President Barack Obama and his supporters tout the fact that he’s issued fewer executive orders than other recent presidents, suggesting Republicans are pushing a non-issue. But Republicans seem incompetent at explaining why the number is irrelevant; the problem is that Obama’s orders are making and breaking the law.
Every president issues executive orders, and commentators only open themselves to ridicule if they suggest there’s anything wrong with those orders as such. Presidents issue them to agencies or employees of the executive branch of the federal government–not the American people–regarding how to carry out specific duties or programs.
The Take Care Clause of the Constitution in Article II commands each president to “take care that the laws be faithfully executed.” So long as he issues orders specifically directing his subordinates on how to administer or enforce some aspect of federal law, he’s fulfilling his constitutional duty.
But two things executive orders cannot do: They cannot make law, and they cannot stop laws from being carried out. This is where Obama is taking what may be unprecedented steps in violation of the Constitution.
For example, refusing to prosecute a class of drug crimes is failing to enforce the law as Congress wrote it. If laws such as the different punishments for powder cocaine versus crack cocaine are unjustified, then it is up to the Congress–the lawmaking branch of government–to decide whether to change that law.
Or voter intimidation. The Black Panthers intimidated white voters in Philadelphia in 2008. The federal government under the Bush administration won a court judgment against some of those responsible. When Obama took over, he ordered the Justice Department to drop the matter by not filing the final papers, even though the case was already won.
Or Obamacare’s employer mandate, which Congress specified in the Affordable Care Act went into effect on Jan. 1, 2014. The impact was going to be politically disastrous for Democrats in the midterm elections, so Obama announced in a speech that the IRS would not enforce that provision of the ACA until 2015.
Those are three of many instances of not enforcing the law; sometimes Obama puts it in a formal executive order, other times not. (For example, he had the employer mandate suspension announced by an assistant treasury secretary in a blog post.)
Even worse, some of Obama’s executive orders actually make substantive public policy. In other words, they actually make new law without Congress.
Obama’s DACA program (not deporting “Dreamers”) is an example. He’s not just failing to enforce immigration law. Instead he’s created a new federal program, designating illegal aliens into four different categories and establishing new criteria for who can indefinitely stay in the United States and who cannot.

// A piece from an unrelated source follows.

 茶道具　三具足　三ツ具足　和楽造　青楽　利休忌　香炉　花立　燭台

Another is Obama’s executive order that organizations who do not support the LGBT agenda under the rubric of “nondiscrimination” cannot receive a business contract with the federal government. As a consequence, if Hobby Lobby or any other business wholly owned and operated by observant Evangelicals, Catholics, Mormons, Orthodox Jews, or even Muslims, denies spousal benefits to same-sex partners, or doesn’t want to bake wedding cakes for gay-marriage receptions, the federal government can refuse to do business with them.
Frankly, even if Congress passed such a law it should be held unconstitutional under the Free Exercise Clause of the First Amendment. The unconstitutional-conditions doctrine provides that no American can be required to forfeit their rights in order to do business with the federal government.

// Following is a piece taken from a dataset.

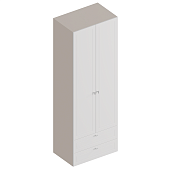 Шкаф 2ств. Лорэн с 2 ящиками (Тефия/Софт айс)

So even Congress cannot do this, but Obama did it anyway.
Or again with Obamacare. Evidently to push back its job-killing effects, Obama has announced that he’s delaying the employer mandate yet again, but only for some businesses.

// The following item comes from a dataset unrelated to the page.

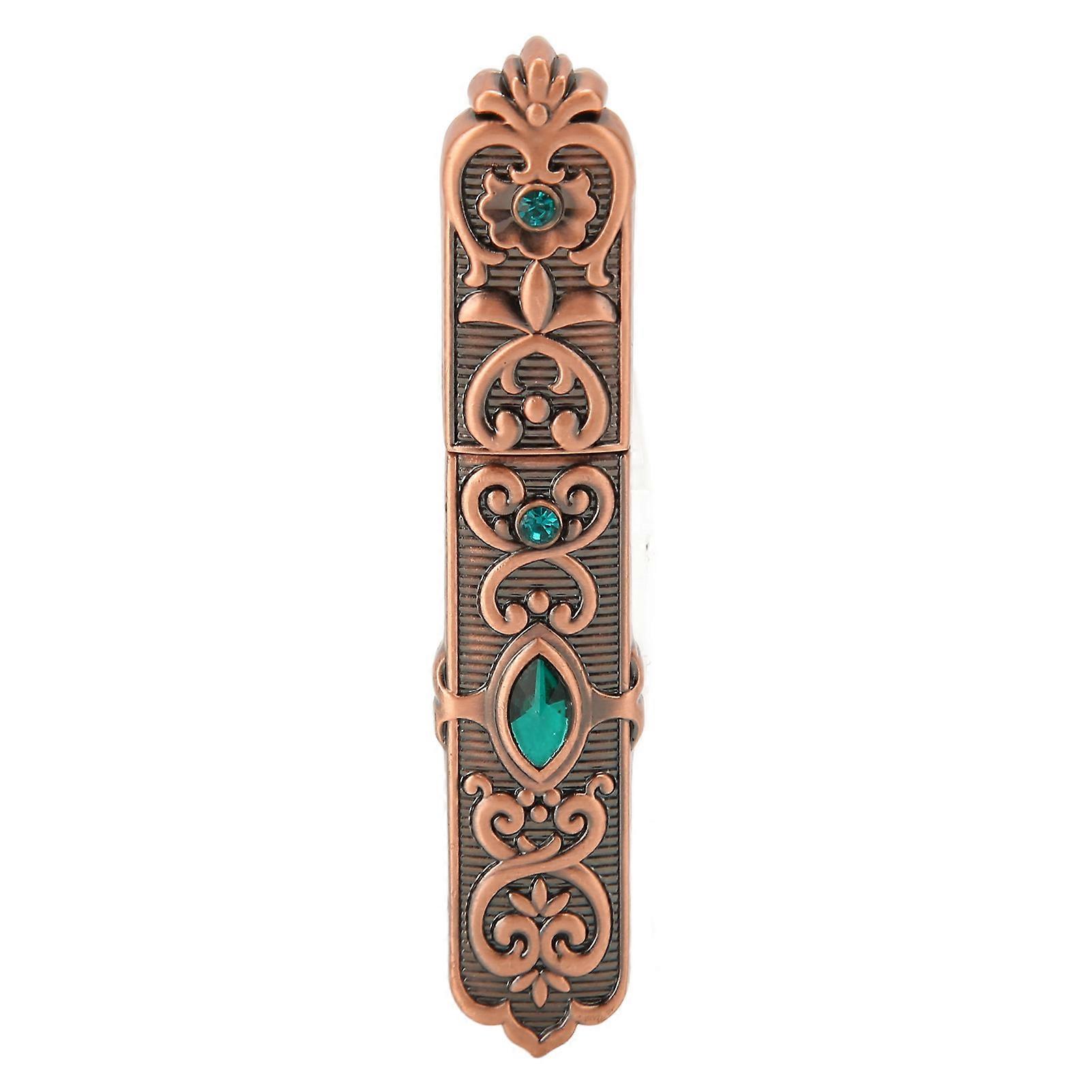Vintage Needle Case Set Στρας Σκαλιστό μοτίβο Μοντέρνες βελόνες ραψίματος Σωλήνας αποθήκευσης Κάτοχος βελόνας DIY Εργαλεία Ραπτικής Ροζ Χρυσό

Congress specified that companies with 50 or more full-time employees are subject to the mandate to offer health insurance. But Obama announced that for 2015 he’ll not enforce it against companies with 50 to 99 employees, but he will enforce it for 100 or more.
That’s essentially making new law. Congress specified that the mandate starts at 50. Obama is essentially rewriting the law by saying it starts at 100. Congress can change that number at any time, but the president can never change it.
Yet Republicans fail to make the simple point: “It makes no difference whether he issues fewer orders than past presidents. They issued orders about how to follow the law, but he’s issuing orders not to follow the law.”